READ MORE: District confident despite challenges heading into new school year
Fellow teacher Louise Dunston said she uses vertical learning surfaces to teach not just math but also English.
“It’s amazing to see the change. The students learn how to communicate,” she said.
Vertical learning surfaces means the students do their work on whiteboards that have been mounted on the classroom walls, rather than at their desks.
The approach was developed by Peter Liljedahl, a professor at Simon Fraser University.
Students work in teams of two or three that are chosen randomly and changed regularly, usually every day.
There is only marker per team and the person with the marker can only write down what someone else tells him or her.
Because the markers are non-permanent, the students have a greater willingness to take and stay on task that is measurable
Observed benefits include improved engagement and enthusiasm, and increased communication amongst the students.
The approach encourages struggling learners to collaborate and learn from their peers (no more hiding at their desk), as well as allowing more opportunities for assessment.
Boulter told the story of two boys in one of his math classes – one a high math achiever, the other with much lower skills.
The high achiever appeared dismayed when he found out he was going to be teamed with the other.
Both of them needed to collaborate to solve the problem, however, and so the first one carefully explained what the second needed to know.
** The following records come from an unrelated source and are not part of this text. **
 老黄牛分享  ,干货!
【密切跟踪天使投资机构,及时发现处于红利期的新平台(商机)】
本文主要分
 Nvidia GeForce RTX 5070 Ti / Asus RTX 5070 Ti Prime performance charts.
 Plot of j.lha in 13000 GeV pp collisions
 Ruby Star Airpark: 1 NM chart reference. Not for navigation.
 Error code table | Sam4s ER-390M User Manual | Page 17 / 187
All of a sudden the second was shouting out, “Yes, I get it! Yes, I get it! Today, I learned Grade 7 math!”
Boulter thought the breakthrough was so important that the following day he told the second boy’s home-room teacher abut it – only to find he already knew.
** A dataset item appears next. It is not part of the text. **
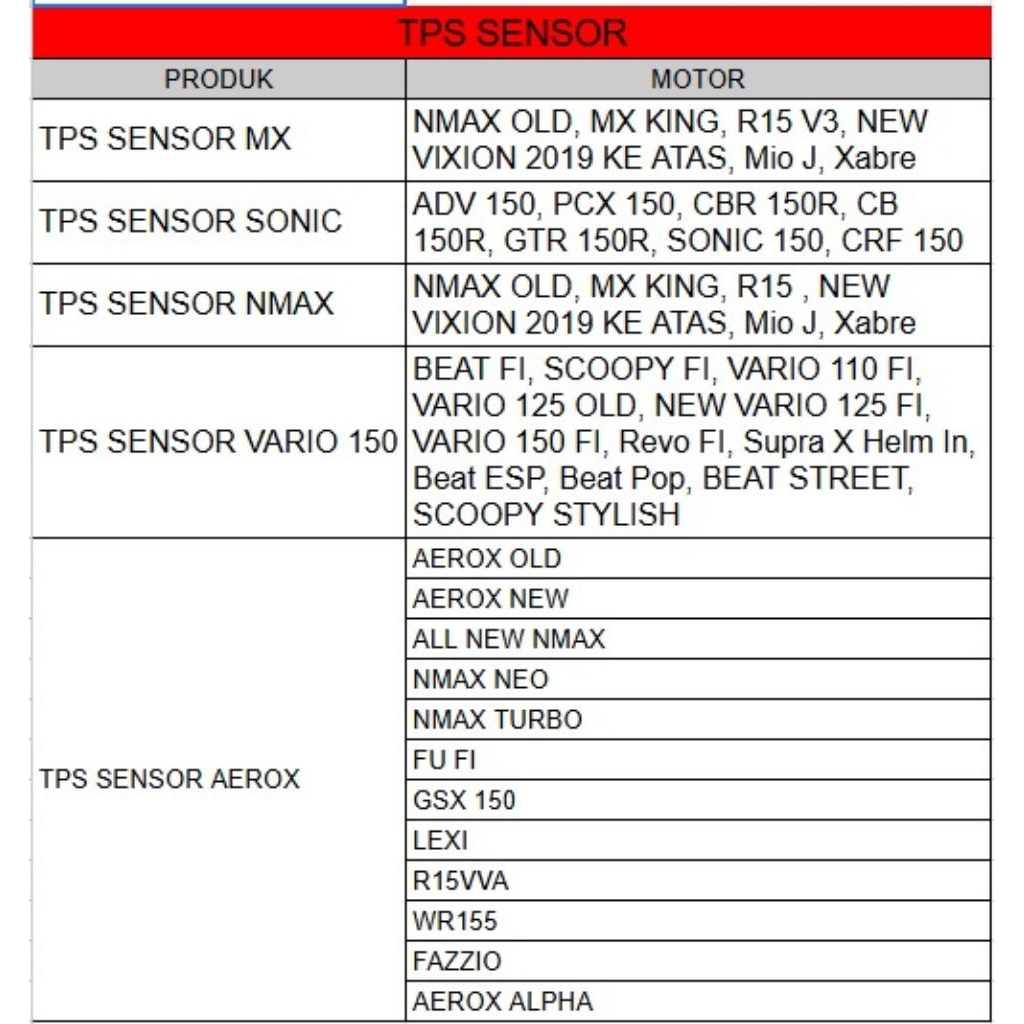 TERJAMIN sensor tps ktc kytaco sensor ktc kytaco Honda vario/beat fi /yamaha/Sonic/CBR new k56/Supra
The other students in the class had also thought it important and had told the home-room teacher earlier that morning.
The episode greatly helped the self-esteem of both boys, Boulter felt.
Dunston said she sometimes runs out of room on the whiteboards and so uses the windows in her classroom (with non-permanent markers, of course).
The students progress noticeably more quickly through the course material using this system, she said.
“It’s changed how I teach. It’s a good tool,” Dunston said.
School board chair Meghan Wade observed that her daughter is studying mechanical engineering at Queens University.
There, the students need to solve problems in their exams both as a team and as individuals.
Their final score is the average of the two marks – which means that being able to collaborate is just as important as individual learning.